Prognosis and morbidity in long-term survivors of CP are frequently impaired by hypothalamic obesity due to tumor and/or treatment related hypothalamic lesions and high relapse and recurrence rates (1 –5). CP patients have a 3- to 19-fold higher cardiovascular mortality in comparison with the general population (6). Accordingly, regular monitoring by cranial MRI and assessment of BC are essential parts of their follow-up care (3, 39). Despite several studies on the causes of the hypothalamic obesity and many therapeutic approaches, no effective therapeutic strategy for treating hypothalamic obesity has been found thus far.

In our study, cranial MRI performed during follow-up monitoring was used to measure and analyze NST as a novel parameter for assessment of BC. The associations between NST and other parameters of BC (skinfold thickness, BMI, WHtR) and BP as cardiometabolic risk factors were analyzed in long-term survivors of CP and controls. In cross-sectional analyses, NST correlated with BC at the last follow-up visit and NST was strongly associated with WHtR as a parameter of VAT. Patients with hypothalamic involvement presented with higher NST. However, ranges of NST showed a large overlap when compared between patients with and without hypothalamic involvement, indicating that BC might be a more specific indicator of hypothalamic obesity than hypothalamic imaging. We also found that NST independently contributed to hypertension as a cardiometabolic risk factor in postpubertal ages. The high predictive value of NST for BC and diastolic BP as CVD risk factor when compared with conventional parameters was also confirmed in controls. However, for systolic BP, this could not be confirmed in controls, which might be related to the different BMI distribution in CP vs controls.

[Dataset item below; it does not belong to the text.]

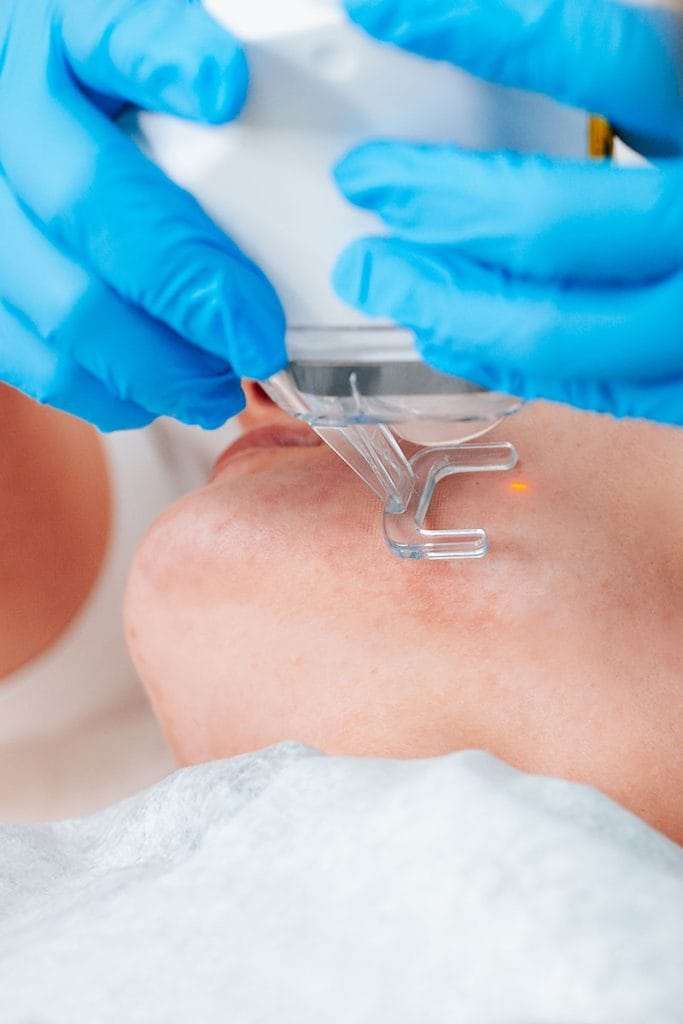 An example of what laser resurfacing would look like with Dr. Randall in Morristown, NJ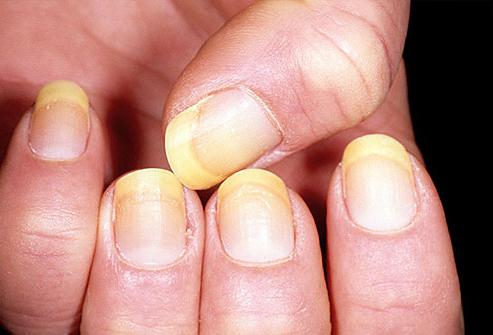 кожные заболевания на пальцах рук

In longitudinal analyses, the strong association between changes in NST and changes in BMI SDS and WHtR could be confirmed. On the other hand, changes in NST were not correlated significantly with changes in BP, caliper-measured skinfold thickness, and functional capacity. We speculate that this could be explained due to short 12-month intervals of measurement not appropriate for the development of clinical relevant changes in functional capacity and BP.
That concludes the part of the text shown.